Electra House’s reign as a vibrant, indispensable haunt lasted well into the 1970s. A trickle of other modern malls such as Kuching Plaza began to erode its client base, and by the 1980s it was in full decline. As the nucleus of young energy spiralled further and further out into the suburbs, the fortunes of Electra House, and indeed that of the entire old town centre, waned into obsolescence. The pioneering cool shops moved out, replaced by the mediocre, obscured by so much commercial kudzu.
Today, Electra House poses a kind of conundrum to city planners, as do many other landmarks in Kuching. Such buildings embody both obsolescence and significance at the same time. Some, like the Old Courthouse, propelled to the first rank of monuments out of sheer age and historical significance, are thus protected. Due to the paucity of heritage laws, other less venerable structures like Electra House are at risk. Even in countries with more progressive conservation laws, heritage protection is very rarely bestowed on modern structures.

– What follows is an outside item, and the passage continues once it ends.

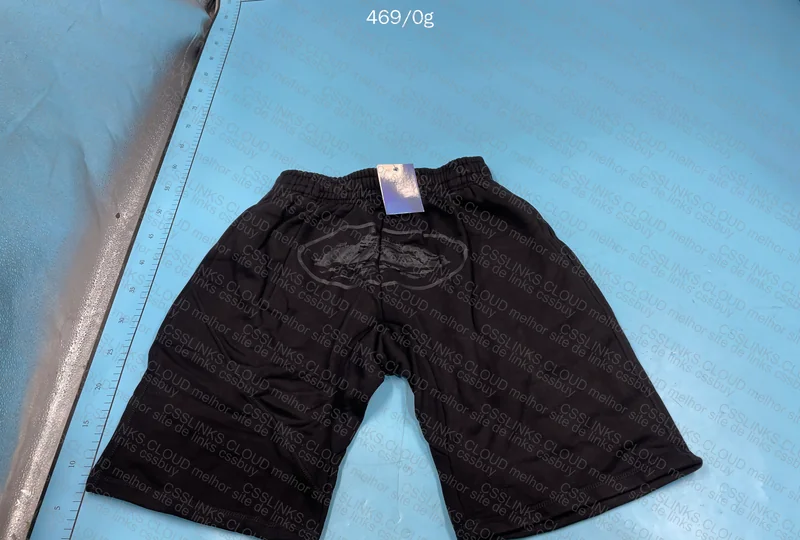 Corteiz Alcatraz Shorts 5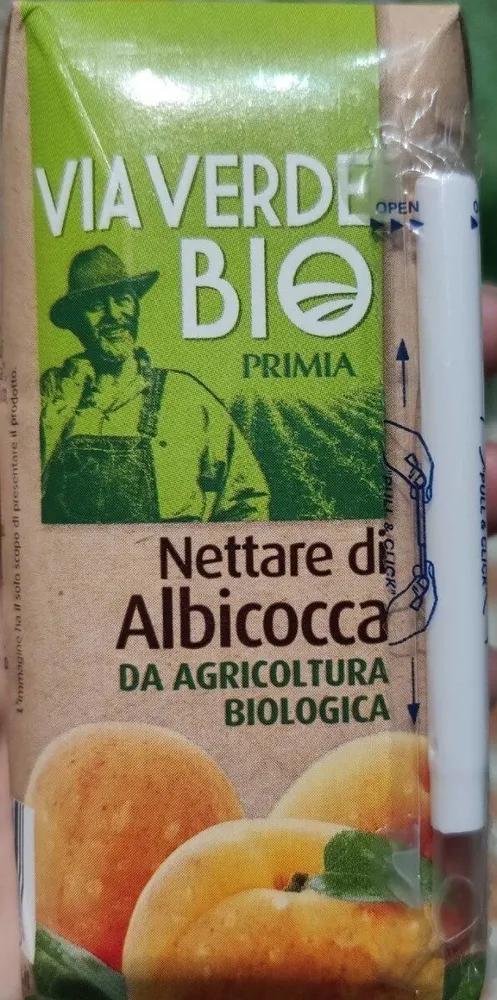 Nettare di albicocca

The odd nostalgia-bitten politician today might suggest that Electra House be restored to its former glory, but that means revitalising the entire old town centre as well, by attracting investment, updating infrastructure and encouraging sustainable development. Piecemeal efforts are unlikely to be successful on their own, as the ham-handed makeover Electra House received in the 1990s has shown. Barring that, it could just as easily be demolished tomorrow.
Perhaps the value of writing articles like this is to start a conversation about what “cultural significance” might mean.
Should buildings deemed worthy of conservation be restricted only to those with History (with a capital H) or should much-loved, pioneering structures like Electra House be included? Jane Jacobs, the great urban theorist who revolutionised the idea of what makes vibrant cities, wrote: “While people possess a community, they usually understand that they can’t afford to lose it; but after it is lost, gradually even the memory of what was lost is lost.” Memories of Electra House will last a while more yet, as long as there are people to recount them. And the fate of the actual building itself? That remains to be seen.